■ **Task description**
Starting with the line that has "Photo - 4-bedroom" in the records below and ending with the line that has "Peserta melakukan gerak", output those lines exactly and nothing more; omit the pictures.

■ **Data for this exercise**
....

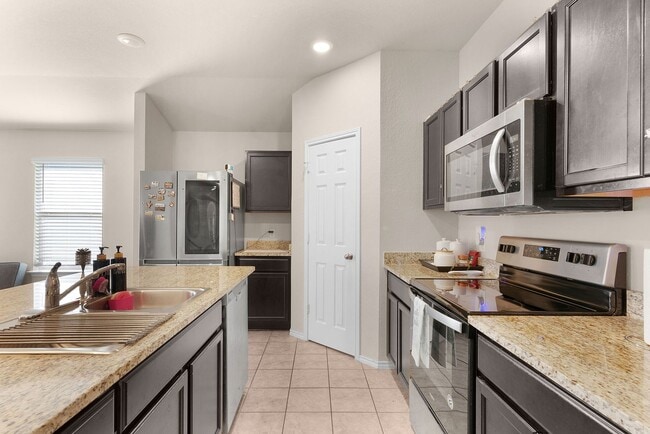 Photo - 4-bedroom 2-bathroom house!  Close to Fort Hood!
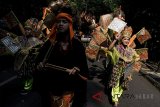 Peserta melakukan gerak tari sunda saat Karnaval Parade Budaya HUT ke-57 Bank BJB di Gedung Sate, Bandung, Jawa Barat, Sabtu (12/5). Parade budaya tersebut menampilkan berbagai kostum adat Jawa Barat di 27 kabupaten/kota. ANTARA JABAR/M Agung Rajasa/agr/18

....

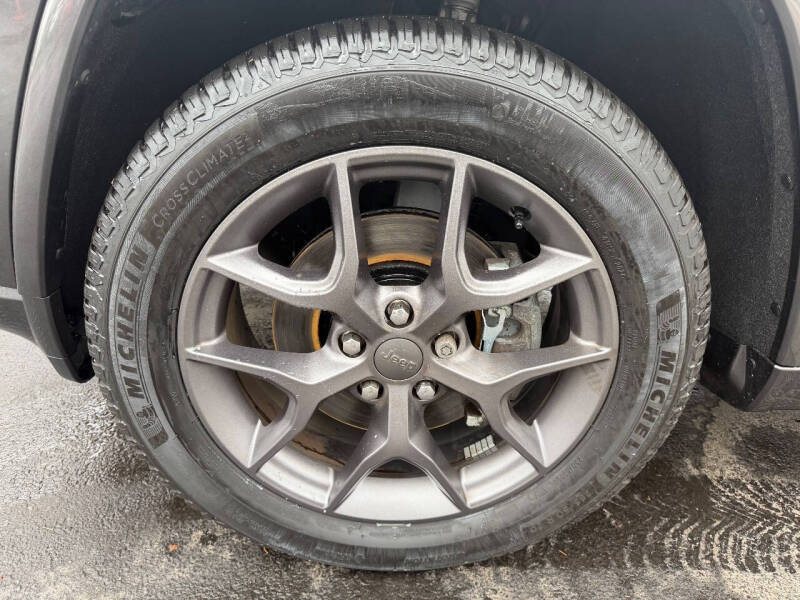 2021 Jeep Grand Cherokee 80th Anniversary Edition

....

■ **Expected answer**
 Photo - 4-bedroom 2-bathroom house!  Close to Fort Hood!
 Peserta melakukan gerak tari sunda saat Karnaval Parade Budaya HUT ke-57 Bank BJB di Gedung Sate, Bandung, Jawa Barat, Sabtu (12/5). Parade budaya tersebut menampilkan berbagai kostum adat Jawa Barat di 27 kabupaten/kota. ANTARA JABAR/M Agung Rajasa/agr/18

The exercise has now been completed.